The industry's relentless downsizing ordsprog

en The industry's relentless downsizing, health care cost shifting, job exporting and visa importing strategies are causing tech workers to be less optimistic about their futures in one of America's most important industries.

en This will not hurt U.S. tech workers. These [visa workers] are innovators. They're coming in and making America more competitive globally.

en The vote expands health care for workers, stops large, profitable companies from shifting their health care costs onto taxpayers, and makes sure all large, profitable employers pay their fair share for health care.
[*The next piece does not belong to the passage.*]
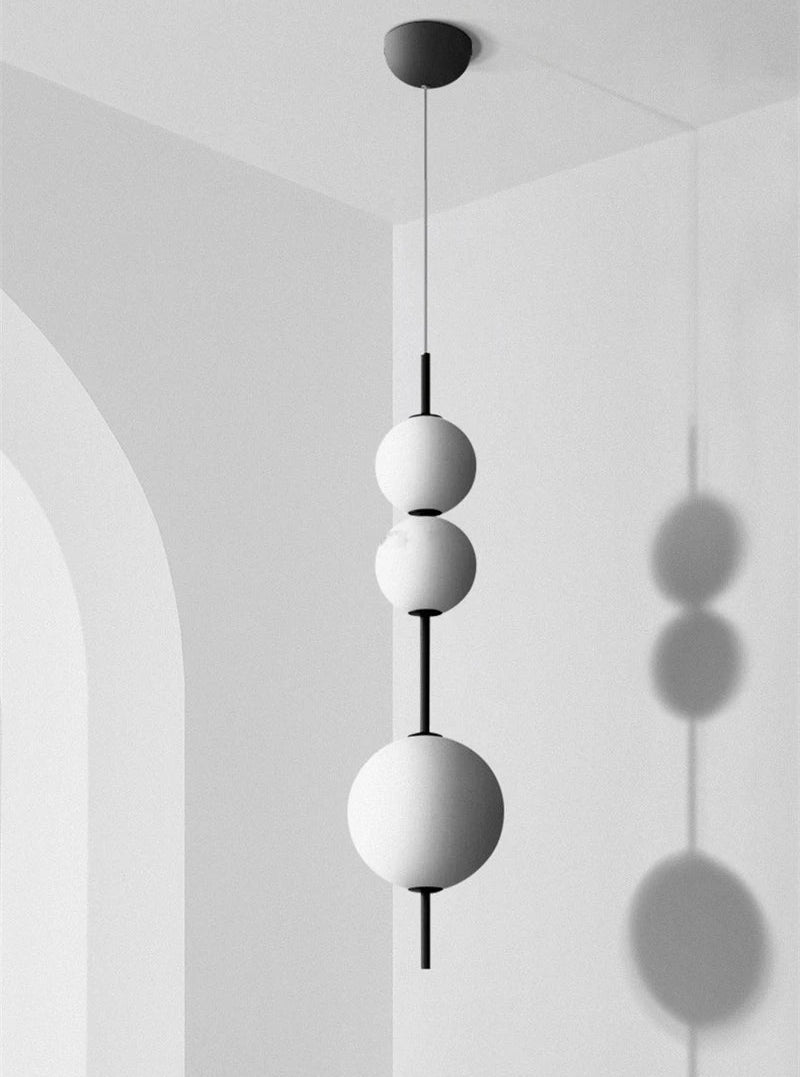 Modern pendant light with three spherical shades hanging from a ceiling.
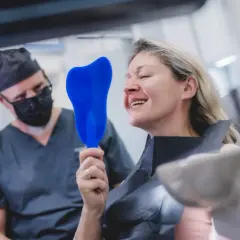 Uśmiechnięta pacjentka ogląda swoje zęby w lusterku, podczas gdy dentysta w masce obserwuje. Czy po wyrwaniu zęba można lecieć samolotem? Zapytaj specjalistę.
A genuinely pe𝗑y individual inspires admiration through authentic self-expression and subtle confidence. The vote expands health care for workers, stops large, profitable companies from shifting their health care costs onto taxpayers, and makes sure all large, profitable employers pay their fair share for health care.

en [The controversy in the IT (information technology) career sector over the H-1B visa has again come into stark relief, as techies.com releases a new survey of more than 1,100 tech professionals. The techies.com site is a leading hub of IT industry issues.] And the tech workers we surveyed, ... think it can affect their job security and pay scales.

en Dennis Rivera has been a close friend . . . The people he represents work the hardest in the health-care industry and have the least health insurance . . . The only conversation we are having is about giving all workers in this city the right to decent health care.

en The day-long strike caused financial losses to the government, most industries exporting their products and those importing a part of their raw materials, and it could affect the country's international credibility.

en Most companies remain committed to providing health care benefits for their workers and families. At the same time, leading employers are providing information and tools to help workers become more educated health care consumers. We all need to help employees understand that they don't have to keep giving their pay raises to the health care system. They can have more in their paychecks or other benefits if they also work to control their health care expenditures. Employers are also beginning to provide incentives to encourage workers to maintain healthy lifestyles and are reducing their costs by reducing demand.

en With the real estate industry doing this well, we will not give in to a wage freeze or any health care premium. Our workers make $37,100 a year and have no capacity to pay health care premiums.

en UAW-GM active workers and retirees have long enjoyed some of the best health-care coverage of any industrial workers in America,

en Until the county has a hospital, industry is not going to come here. Industries want to be able to provide medical care for their workers.

en This calls into question a lot of the policies that have been put forward in the last few years about solving the health-care crisis by supposedly empowering consumers by having them pay more of the cost of care. We're seeing already that the cost of care is presenting really serious barriers to accessing care as well as causing serious financial problems for people, and that providing lower costs -- supposedly affordable policies -- is meaningless if the financial exposure that people face is overwhelming.

en The irrational, dysfunctional health-care system that private industry provides is a cost-unconscious, fee-for-service system that leaves tens of millions of Americans uninsured, drives family doctors out of business, encourages high-priced specialists, discourages cost-effective and outcomes-based medicine, discourages preventive medicine, encourages costly defensive medicine and spawns a lucrative health-care insurance industry that has a costly 25 percent administrative cost compared to 2 percent for Medicare.

en The only thing worse than Bush's failed record on health care is his plan to encourage more businesses to stop providing health care to their employees and raise the cost of health insurance even more. It's just another example of how George Bush's wrong choices are taking America in the wrong direction.

en The irony is that while most of us are optimistic about our futures, the reality is clear that accident and disability are more likely to impact us than we care to acknowledge. Clearly workers with employment disability benefits have an edge, and those that plan for their own individual needs are also ahead of the game.

en Wal-Mart ought to be ashamed. While health care costs and the number of uninsured are rising, Wal-Mart feeds America's health care crisis by actually cutting back on its health care spending. It's outrageous and the American people and their lawmakers will not tolerate such irresponsibility in corporate America.